* [RECORDS FOR THIS TASK]:

*****

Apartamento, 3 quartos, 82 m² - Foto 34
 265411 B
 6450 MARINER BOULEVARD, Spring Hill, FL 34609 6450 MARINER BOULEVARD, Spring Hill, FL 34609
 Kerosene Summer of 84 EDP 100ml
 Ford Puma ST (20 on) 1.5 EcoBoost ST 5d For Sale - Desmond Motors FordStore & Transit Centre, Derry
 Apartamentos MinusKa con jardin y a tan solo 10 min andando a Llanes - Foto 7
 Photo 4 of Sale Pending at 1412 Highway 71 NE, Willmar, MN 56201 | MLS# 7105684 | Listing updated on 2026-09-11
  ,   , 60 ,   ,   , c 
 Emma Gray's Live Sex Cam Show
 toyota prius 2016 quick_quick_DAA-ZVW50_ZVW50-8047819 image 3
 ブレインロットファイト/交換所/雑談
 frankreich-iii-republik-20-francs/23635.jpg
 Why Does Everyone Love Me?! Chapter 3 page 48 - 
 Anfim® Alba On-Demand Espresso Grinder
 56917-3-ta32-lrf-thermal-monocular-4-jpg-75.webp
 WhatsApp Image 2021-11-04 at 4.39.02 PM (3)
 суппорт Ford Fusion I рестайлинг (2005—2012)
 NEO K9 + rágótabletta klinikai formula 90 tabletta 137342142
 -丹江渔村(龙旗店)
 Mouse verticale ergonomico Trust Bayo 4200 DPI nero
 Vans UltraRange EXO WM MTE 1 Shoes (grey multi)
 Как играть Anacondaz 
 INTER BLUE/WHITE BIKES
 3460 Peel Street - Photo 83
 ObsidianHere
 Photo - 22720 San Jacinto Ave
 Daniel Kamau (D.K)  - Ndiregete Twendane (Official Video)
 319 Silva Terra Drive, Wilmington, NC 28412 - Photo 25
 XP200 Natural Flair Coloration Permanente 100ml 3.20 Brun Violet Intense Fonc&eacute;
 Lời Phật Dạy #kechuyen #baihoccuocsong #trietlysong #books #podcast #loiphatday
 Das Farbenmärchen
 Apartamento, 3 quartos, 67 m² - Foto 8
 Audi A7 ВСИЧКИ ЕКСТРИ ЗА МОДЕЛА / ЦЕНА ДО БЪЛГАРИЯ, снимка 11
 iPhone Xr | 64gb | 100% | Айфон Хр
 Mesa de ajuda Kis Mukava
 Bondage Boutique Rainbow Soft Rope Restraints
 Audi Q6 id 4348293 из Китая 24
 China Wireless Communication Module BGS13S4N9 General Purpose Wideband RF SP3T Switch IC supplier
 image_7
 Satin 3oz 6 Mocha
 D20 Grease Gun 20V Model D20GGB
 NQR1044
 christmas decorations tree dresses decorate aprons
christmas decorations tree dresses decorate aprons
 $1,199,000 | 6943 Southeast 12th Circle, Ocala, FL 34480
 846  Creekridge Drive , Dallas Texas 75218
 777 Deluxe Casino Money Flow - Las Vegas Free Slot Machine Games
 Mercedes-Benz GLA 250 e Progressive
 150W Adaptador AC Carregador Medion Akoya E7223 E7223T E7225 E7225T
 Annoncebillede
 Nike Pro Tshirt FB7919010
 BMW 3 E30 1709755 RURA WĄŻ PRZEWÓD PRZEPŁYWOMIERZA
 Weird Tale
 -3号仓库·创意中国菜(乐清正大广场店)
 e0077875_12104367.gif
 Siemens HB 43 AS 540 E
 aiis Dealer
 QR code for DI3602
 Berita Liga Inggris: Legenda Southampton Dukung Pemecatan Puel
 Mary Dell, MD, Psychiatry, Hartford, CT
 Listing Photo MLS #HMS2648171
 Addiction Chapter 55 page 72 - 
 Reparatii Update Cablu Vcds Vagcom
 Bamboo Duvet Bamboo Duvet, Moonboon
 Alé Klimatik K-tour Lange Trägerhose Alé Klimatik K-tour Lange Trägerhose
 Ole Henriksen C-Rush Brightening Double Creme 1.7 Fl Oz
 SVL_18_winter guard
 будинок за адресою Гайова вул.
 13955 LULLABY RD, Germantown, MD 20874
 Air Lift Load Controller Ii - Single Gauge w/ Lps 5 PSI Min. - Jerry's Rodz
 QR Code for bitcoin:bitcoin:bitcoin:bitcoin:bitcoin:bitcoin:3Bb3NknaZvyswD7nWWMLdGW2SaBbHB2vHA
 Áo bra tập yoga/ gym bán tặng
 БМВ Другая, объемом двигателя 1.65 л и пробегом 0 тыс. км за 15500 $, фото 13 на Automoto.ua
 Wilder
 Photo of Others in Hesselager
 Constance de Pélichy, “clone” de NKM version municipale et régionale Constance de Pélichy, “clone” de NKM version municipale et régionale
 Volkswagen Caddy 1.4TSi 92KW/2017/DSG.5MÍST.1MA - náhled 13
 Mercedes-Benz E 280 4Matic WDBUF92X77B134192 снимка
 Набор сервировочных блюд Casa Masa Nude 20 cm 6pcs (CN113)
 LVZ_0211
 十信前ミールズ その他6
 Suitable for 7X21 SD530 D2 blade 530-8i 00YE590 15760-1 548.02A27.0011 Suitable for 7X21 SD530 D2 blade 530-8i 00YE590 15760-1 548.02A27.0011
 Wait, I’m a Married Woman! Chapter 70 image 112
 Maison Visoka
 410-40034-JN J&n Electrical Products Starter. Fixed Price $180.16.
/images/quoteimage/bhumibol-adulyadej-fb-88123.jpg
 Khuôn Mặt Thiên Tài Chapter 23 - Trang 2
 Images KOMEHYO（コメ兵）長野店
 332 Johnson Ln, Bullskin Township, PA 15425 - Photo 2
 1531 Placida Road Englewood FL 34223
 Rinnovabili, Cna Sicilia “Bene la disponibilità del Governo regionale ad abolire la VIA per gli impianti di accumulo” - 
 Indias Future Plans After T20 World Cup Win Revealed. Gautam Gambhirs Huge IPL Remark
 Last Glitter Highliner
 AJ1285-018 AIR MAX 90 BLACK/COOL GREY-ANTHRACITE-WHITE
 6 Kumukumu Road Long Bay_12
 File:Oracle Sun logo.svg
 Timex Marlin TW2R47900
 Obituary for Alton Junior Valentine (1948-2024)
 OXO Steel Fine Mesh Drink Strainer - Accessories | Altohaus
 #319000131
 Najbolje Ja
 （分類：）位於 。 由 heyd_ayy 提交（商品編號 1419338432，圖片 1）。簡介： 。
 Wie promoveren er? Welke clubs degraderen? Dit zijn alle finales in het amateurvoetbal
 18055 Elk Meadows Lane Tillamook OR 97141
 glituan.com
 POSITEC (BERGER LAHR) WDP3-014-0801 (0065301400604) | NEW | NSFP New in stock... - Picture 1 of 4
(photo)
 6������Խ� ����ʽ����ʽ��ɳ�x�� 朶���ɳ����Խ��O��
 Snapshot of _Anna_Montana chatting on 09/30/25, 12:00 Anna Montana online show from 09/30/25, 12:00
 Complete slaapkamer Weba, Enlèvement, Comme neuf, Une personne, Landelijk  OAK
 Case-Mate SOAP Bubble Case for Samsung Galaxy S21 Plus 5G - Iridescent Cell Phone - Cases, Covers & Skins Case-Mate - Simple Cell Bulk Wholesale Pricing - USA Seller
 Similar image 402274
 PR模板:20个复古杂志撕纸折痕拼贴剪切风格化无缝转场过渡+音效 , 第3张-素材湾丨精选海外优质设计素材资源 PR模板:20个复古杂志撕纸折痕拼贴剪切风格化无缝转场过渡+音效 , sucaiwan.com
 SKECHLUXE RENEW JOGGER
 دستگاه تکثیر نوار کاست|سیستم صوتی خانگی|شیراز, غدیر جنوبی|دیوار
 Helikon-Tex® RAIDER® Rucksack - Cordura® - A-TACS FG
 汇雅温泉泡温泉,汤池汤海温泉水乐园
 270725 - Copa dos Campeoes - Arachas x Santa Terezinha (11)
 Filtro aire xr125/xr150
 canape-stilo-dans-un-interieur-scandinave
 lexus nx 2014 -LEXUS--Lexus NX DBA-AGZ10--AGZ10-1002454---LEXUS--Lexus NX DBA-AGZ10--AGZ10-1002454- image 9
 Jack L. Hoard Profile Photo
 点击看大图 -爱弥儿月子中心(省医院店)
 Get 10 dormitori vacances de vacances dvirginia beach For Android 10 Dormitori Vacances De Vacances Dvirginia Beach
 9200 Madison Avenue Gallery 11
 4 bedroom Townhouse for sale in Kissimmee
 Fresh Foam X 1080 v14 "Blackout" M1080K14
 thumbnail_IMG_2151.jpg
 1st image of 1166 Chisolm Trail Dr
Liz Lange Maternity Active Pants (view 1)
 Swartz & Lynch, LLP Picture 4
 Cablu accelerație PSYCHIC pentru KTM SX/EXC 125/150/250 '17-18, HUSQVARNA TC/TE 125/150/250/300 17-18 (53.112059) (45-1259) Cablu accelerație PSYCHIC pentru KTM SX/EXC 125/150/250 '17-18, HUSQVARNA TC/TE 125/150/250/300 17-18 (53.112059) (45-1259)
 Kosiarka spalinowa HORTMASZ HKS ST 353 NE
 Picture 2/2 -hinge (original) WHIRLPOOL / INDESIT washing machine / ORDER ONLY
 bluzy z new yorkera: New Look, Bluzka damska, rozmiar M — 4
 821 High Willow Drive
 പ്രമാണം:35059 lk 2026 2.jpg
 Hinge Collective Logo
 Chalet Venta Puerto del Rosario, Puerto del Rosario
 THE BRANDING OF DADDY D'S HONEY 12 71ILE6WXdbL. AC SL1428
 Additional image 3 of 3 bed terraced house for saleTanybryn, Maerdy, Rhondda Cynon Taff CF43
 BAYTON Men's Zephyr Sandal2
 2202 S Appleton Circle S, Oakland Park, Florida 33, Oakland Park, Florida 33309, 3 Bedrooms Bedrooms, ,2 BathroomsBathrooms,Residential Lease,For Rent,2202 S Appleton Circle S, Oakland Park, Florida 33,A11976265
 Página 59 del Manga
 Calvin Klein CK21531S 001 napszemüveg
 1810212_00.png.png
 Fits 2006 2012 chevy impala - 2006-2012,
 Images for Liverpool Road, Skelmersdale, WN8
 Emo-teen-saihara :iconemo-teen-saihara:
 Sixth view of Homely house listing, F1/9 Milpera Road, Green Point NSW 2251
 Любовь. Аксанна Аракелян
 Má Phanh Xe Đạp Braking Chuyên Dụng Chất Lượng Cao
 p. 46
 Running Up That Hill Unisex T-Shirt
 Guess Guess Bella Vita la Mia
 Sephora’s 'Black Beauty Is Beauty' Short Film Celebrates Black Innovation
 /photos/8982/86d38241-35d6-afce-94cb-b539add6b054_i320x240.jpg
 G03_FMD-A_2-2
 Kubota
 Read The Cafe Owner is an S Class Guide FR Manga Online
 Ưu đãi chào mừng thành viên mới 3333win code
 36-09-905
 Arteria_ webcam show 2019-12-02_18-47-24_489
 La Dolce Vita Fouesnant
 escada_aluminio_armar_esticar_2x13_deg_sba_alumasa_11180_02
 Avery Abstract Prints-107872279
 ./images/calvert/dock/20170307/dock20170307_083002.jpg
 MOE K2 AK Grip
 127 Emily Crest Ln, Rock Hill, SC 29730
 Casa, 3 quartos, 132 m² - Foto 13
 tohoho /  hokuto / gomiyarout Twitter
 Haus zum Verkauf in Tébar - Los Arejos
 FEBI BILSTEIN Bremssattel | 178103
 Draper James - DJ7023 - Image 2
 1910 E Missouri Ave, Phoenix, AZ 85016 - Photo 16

*****

Which lines run from the one holding "13955 LULLABY RD, Germantown, MD 20874" through the one holding "Áo bra tập yoga/ gym bán tặng" in the records above? Repeat them exactly, both included, and nothing more.

* [COMPLETED EXERCISE]:
 13955 LULLABY RD, Germantown, MD 20874
 Air Lift Load Controller Ii - Single Gauge w/ Lps 5 PSI Min. - Jerry's Rodz
 QR Code for bitcoin:bitcoin:bitcoin:bitcoin:bitcoin:bitcoin:3Bb3NknaZvyswD7nWWMLdGW2SaBbHB2vHA
 Áo bra tập yoga/ gym bán tặng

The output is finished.